Some slow-mo video examples
I wasn't sure I could capture the benefits of G-Sync with my cheap slow-motion video camera, but it wasn't terribly hard to come up with a meaningful example. All I had to do was find a scenario where the differences between vsync, no vsync, and G-Sync were apparent to the naked eye.
In this particular case, I wanted to compare the benefits of G-Sync to regular vsync on our fast 144Hz display. The scenario I came up with is in Skyrim, at 1080p resolution, on a GeForce GTX 660 graphics card. Frame rates fluctuate from about 60 to 85 FPS, and in this case, the camera pans around my character in a 360° arc, creating the sort of motion where both tearing and vsync quantization are easily spotted.

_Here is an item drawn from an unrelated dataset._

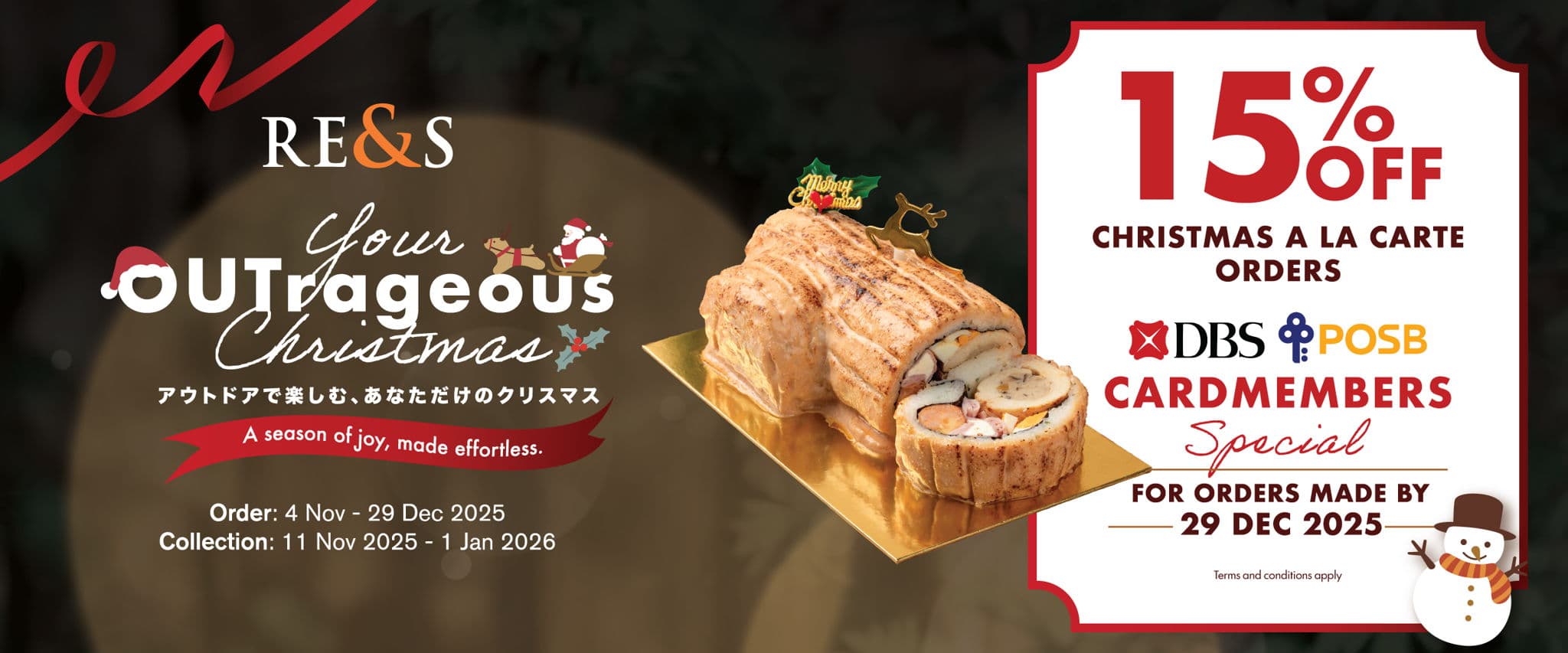RE&S Christmas Takeaways 2025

I recorded the results at 240 FPS, substantially faster than the display can refresh itself. Please pardon the low resolution and especially the different exposure levels. The camera auto-adjusted to make the scene look darker at lower refresh rates, and there wasn't anything I could do to remedy that. That said, I still think these little videos, which came out of the camera unretouched and went straight onto YouTube, do a decent enough job of illustrating the relative smoothness and motion-related artifacts of the various display modes. Let me walk you through them.
At 60Hz without vsync, you can see how motion steps forward with each display refresh in very noticeable increments. Also, tearing is readily apparent. Oftentimes, multiple "seams" between rendered frames are onscreen at once. The tearing becomes easiest to notice starting at about 20 seconds into the video, as the city walls and the cathedral lurch by unevenly.

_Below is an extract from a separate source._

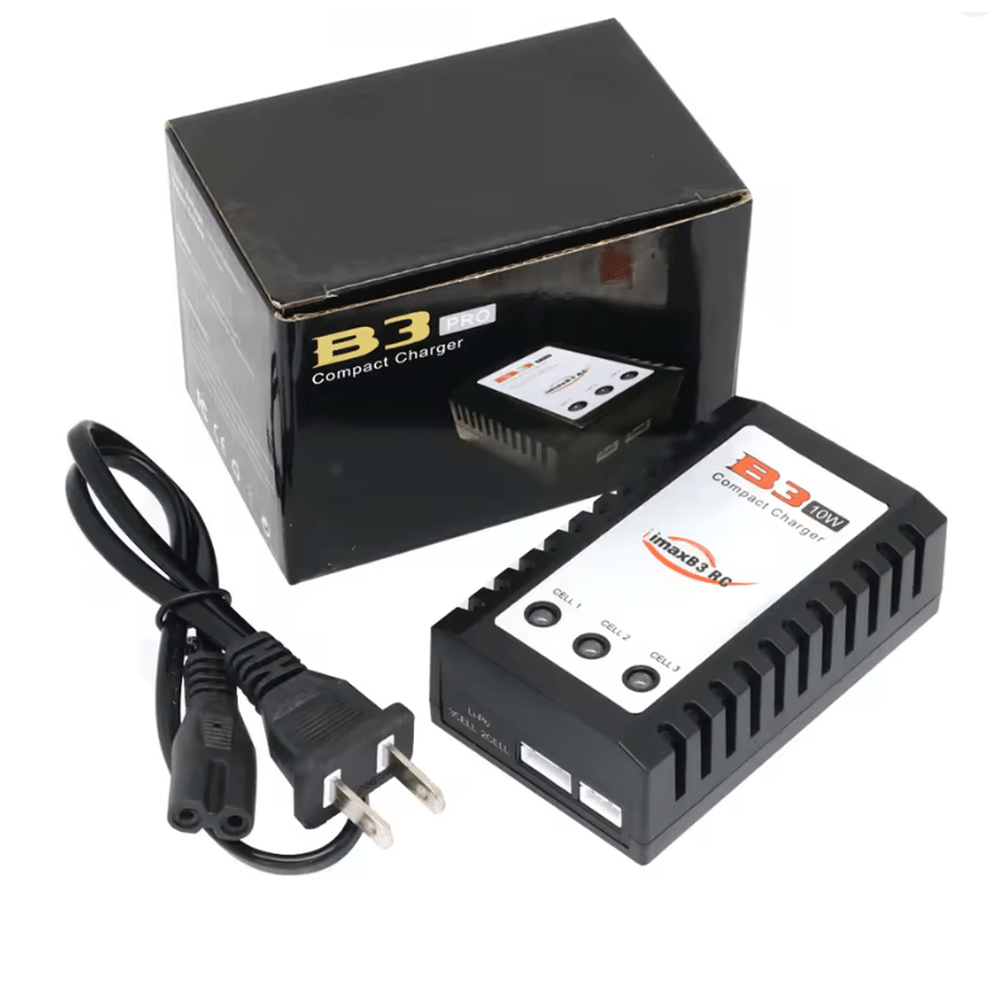 IMAX B3 PRO 110-240V Lipo Akumulatoru Kompakts Lādētājs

In this case, since frame rendering rates are generally above 60 FPS, switching on vsync looks like a clear win. The tearing artifacts are gone, and the animation advances fairly evenly. However, objects near or far from the camera, in the foreground and background, still advance in relatively large steps from one frame to the next.

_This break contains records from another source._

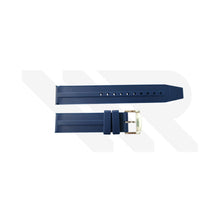 Load image into Gallery viewer, Universal Rubber Strap Compatible with 20mm Lug Width Citizen Watches (Blue) - WR Watches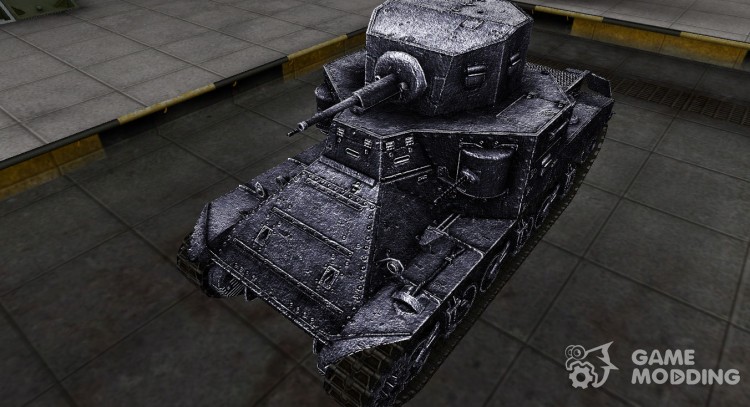 Dark skin for the M2 Medium Tank for World Of Tanks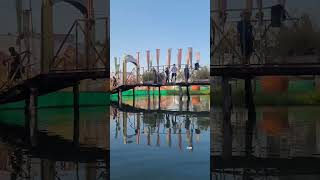 Floating Market boat ride Thailand Pattaya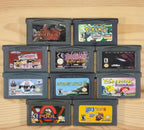 10 GameBoy Spiele zum TOP Preis! - GBA204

Ah, see? At more than twice the refresh rate of the previous example, the animation looks much more fluid. However, without vsync, tearing is still prominent. The worst of it begins at about 16 seconds into the video, as the advancing hillside and walls appear to "waggle" from top to bottom as new and old frames intermix onscreen. Kinda ugly.
Here's the near-perfect experience offered by G-Sync. The tearing is gone, the waggle is banished, and the animation is vastly more fluid. At full speed, the result is glassy smooth perceived motion. Compare this video to the one at 60Hz without vsync, which is how most hard-core gamers tend to play, and the contrast is stark. Good grief. What have we been doing all these years?
Once you've seen the G-Sync video, you can appreciate how even this mode, with vsync enabled at 144Hz, isn't ideal. Watch as the cathedral swings by in the background with the halting, uneven motion caused by vsync quantization. Almost looks as if the frame update intervals are short-short-long, short-short-long, and so on. The animation looks a darn sight better than vsync at 60Hz, but even at 144Hz, G-Sync's output is simply more correct and desirable.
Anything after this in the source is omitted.